Let me elaborate. Since neutrinos only interact weakly they are already extremely hard to detect, even if they have high energies (> GeV). If you go to ever lower energies the interaction cross-section also decreases more and more. But there is another important point. Most neutrino interaction processes have an energy threshold to occur. For example, the inverse beta decay
$$ \bar\nu_e + p^+ \rightarrow n + e^+$$
in which an antineutrino converts a proton into a neutron and a positron, and which is often used as a detection process for neutrinos, has a threshold of 1.8 MeV antineutrino energy. The neutron and the positron are more massive than the antineutrino and the proton, so the antinneutrino must have enough energy to produce the excess mass of the final state (1.8 MeV). Below that energy the (anti)neutrino cannot undergo this reaction any more.
A reaction with a particularly low threshold is the elastic scattering off an electron in an atom. This only requires a threshold energy of the order of eV (which is needed to put the electron into a higher atomic energy level). But a neutrino with eV energies would still be relativistic!
Assuming that a neutrino has a mass of around 0.1 eV, this would still mean a gamma factor of $\gamma\approx 10$. For a neutrino to be non-relativistic it would have to have a kinetic energy in the milli-eV range and below. This is the expected energy range of Cosmic Background Neutrinos, relics from the earliest times of the universe. They are so to say the neutrino version of the Cosmic Microwave Background. So not only do non-relativistic neutrinos exist (according to mainstream cosmological models), they are also all around us. In fact, their density at Earth is $\approx$50 times larger than neutrinos from the Sun!
There is a big debate if they can ever be detected experimentally. There are a few suggestions (and even one prototype experiment), but there are differing opinions about the practical feasibility of such attempts. The only process left for neutrinos at such small energies is neutrino-induced decay of unstable nuclei. If you have an already radioactive isotope, it's like the neutrino would give it a little "push over the edge". The $\beta$-electron released in the induced decay would then receive a slightly larger energy than the Q-value of the spontaneous decay and the experimental signature would be a tiny peak to the right of the normal $\beta$-spectrum.
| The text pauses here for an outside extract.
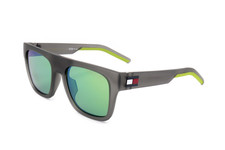 Używany, Occhiali da Sole Tommy Hilfiger TH 1976/S FRE MATTE GREY 52/19/145 Uomo na sprzedaż  Wysyłka do Poland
This will still be an extremely rare process and the big problem is to build an apparatus with a good enough energy resolution so that the peak can be distinguished from the spectrum of normal spontaneous nuclear decay (amidst all the background).
The Katrin experiment is trying to measure the endpoint of $\beta$-spectrum of Tritium in order to determine the neutrino mass. But under very favorable circumstances they even have some chance to detect such a signature of cosmic background neutrinos.
TL;DR: In fact there are non-relativistic neutrinos all over the place, but they they interact so tremendously little that they seem to not exist at all.
A: The experimental detection of slow neutrinos is indeed a big problem, but one that is very important.
The cosmic neutrino background is at a temperature of around 2K and likely to consist of non-relativistic neutrinos for plausible neutrino rest masses - with a density of around 340 cm$^{-3}$ (all flavours). It is at this low temperature for precisely the reason you suggest - it was emitted at a redshift of around $10^{10}$.
There is of course indirect evidence for these neutrinos from the cosmic microwave background (Follin et al. 2015), but efforts to directly detect these neutrinos is underway - see Faessler et al. (2016) and KATRIN. 
An interesting thought, is that if you could somehow get your apparatus onto a moving platform, then there would be an appreciable change to the C$\nu$B detection efficiency in the "foward" facing direction if you could accelerate to relativistic velocities. I suppose this is the opposite scenario to your question - you would be making the slow neutrinos relativistic by your relative motion.